_Directions:_
What is needed is an exact transcription of every entry below, with the pictures left out.

START Data to examine

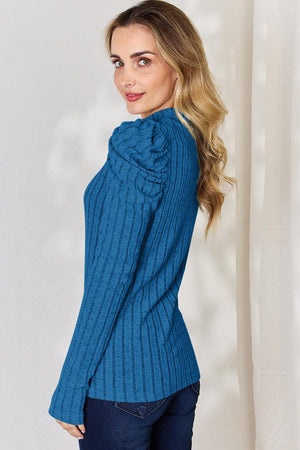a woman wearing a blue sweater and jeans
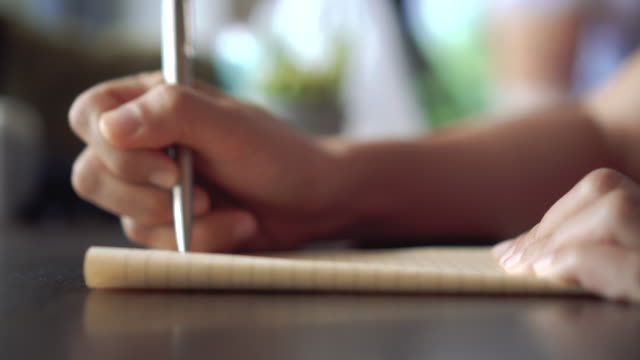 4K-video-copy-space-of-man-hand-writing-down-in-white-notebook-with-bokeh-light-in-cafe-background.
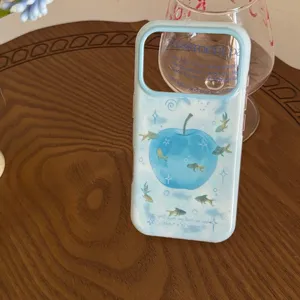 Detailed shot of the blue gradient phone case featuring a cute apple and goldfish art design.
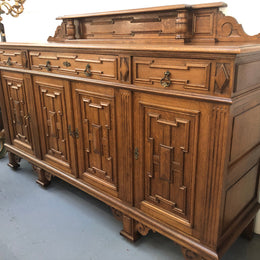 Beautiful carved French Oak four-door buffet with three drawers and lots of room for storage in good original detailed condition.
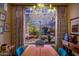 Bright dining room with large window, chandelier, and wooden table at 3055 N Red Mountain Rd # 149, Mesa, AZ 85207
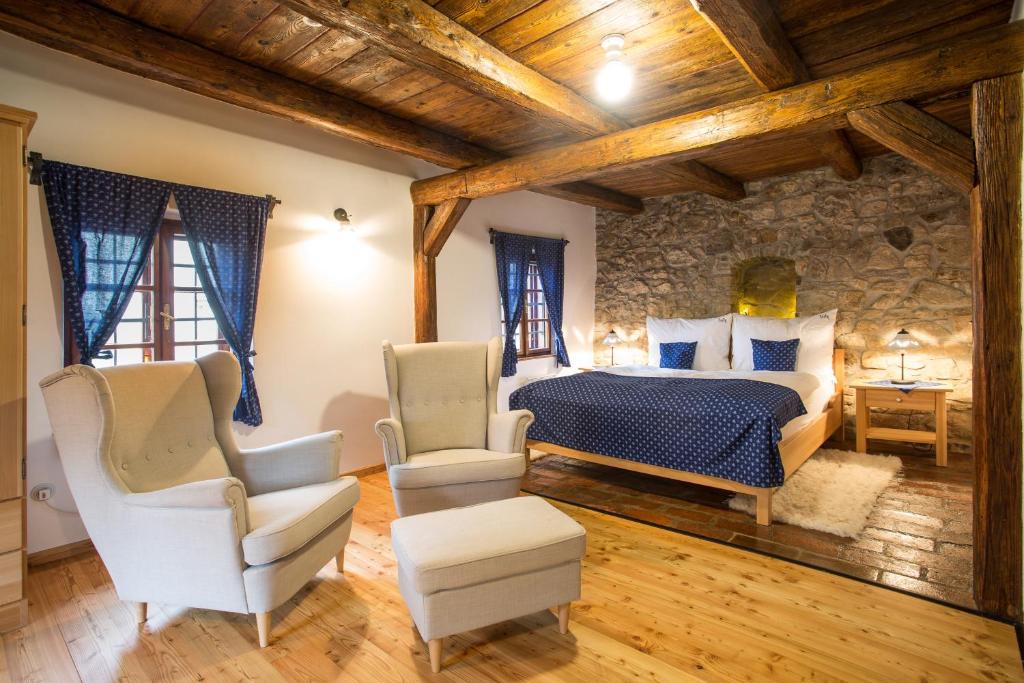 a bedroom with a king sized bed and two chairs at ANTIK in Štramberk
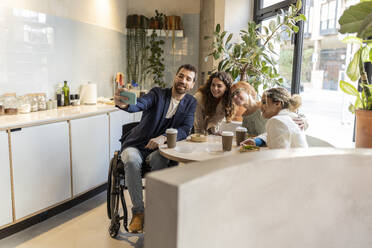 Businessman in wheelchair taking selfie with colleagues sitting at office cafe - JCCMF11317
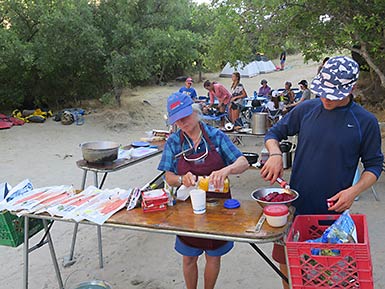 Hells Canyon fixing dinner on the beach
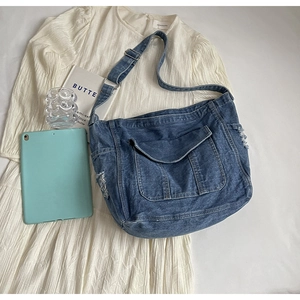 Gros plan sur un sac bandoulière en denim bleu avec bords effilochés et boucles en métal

END Data to examine

_Task output:_
a woman wearing a blue sweater and jeans
 4K-video-copy-space-of-man-hand-writing-down-in-white-notebook-with-bokeh-light-in-cafe-background.
 Detailed shot of the blue gradient phone case featuring a cute apple and goldfish art design.
 Beautiful carved French Oak four-door buffet with three drawers and lots of room for storage in good original detailed condition.
 Bright dining room with large window, chandelier, and wooden table at 3055 N Red Mountain Rd # 149, Mesa, AZ 85207
 a bedroom with a king sized bed and two chairs at ANTIK in Štramberk
 Businessman in wheelchair taking selfie with colleagues sitting at office cafe - JCCMF11317
 Hells Canyon fixing dinner on the beach
 Gros plan sur un sac bandoulière en denim bleu avec bords effilochés et boucles en métal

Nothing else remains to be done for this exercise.